Diving bells are used as underwater rescue vessels and by working divers doing underwater work and salvage. The bell is lowered into the water by cables from a crane attached to a ship or dock. The bell is ballasted so as to remain upright in the water and to be negatively buoyant so that it sinks even when completely full of air.
- Fresh gas is available for breathing by the occupants. Exhaled gas is expelled under the lip of the wet bell, where it rises naturally to the surface.
- As a wet bell is lowered, the extra pressure from the water compresses the gas in the bell. If the gas pressure inside the bell were not raised to the outside water pressure, the bell would partially fill with water. Adding compressed gas ensures that the usable workspace within the bell remains constant as the bell descends in the water.
A similar principle to that of the wet bell is used in the diving helmet of standard diving dress, where compressed air is provided to a helmet carried on the diver's shoulders. Additional weights are carried on the waist and feet to prevent overturning. The modern equivalent of this diving equipment is used in surface supplied diving.

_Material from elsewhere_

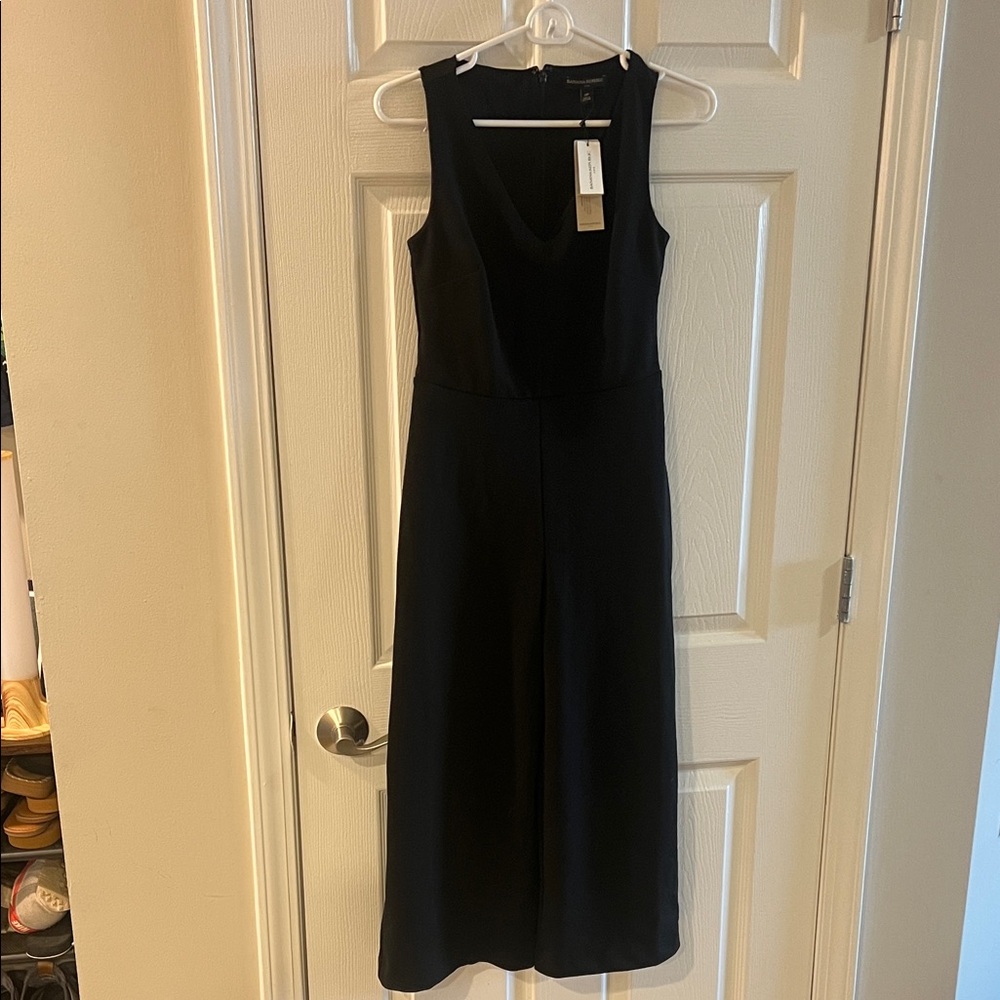 Banana Republic Black Sleeveless V-Neck Jumpsuit / Pantsuit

The diving bell is one of the earliest types of equipment for underwater work and exploration. Its use was described by Aristotle in the 4th century BC. In 1535, Guglielmo de Loreno created and used what is considered to be the first modern diving bell.
The earliest applications were probably for commercial sponge fishing. A diving bell was used to salvage cannon from the Swedish warship HMS Wasa in the period immediately following its sinking in 1628.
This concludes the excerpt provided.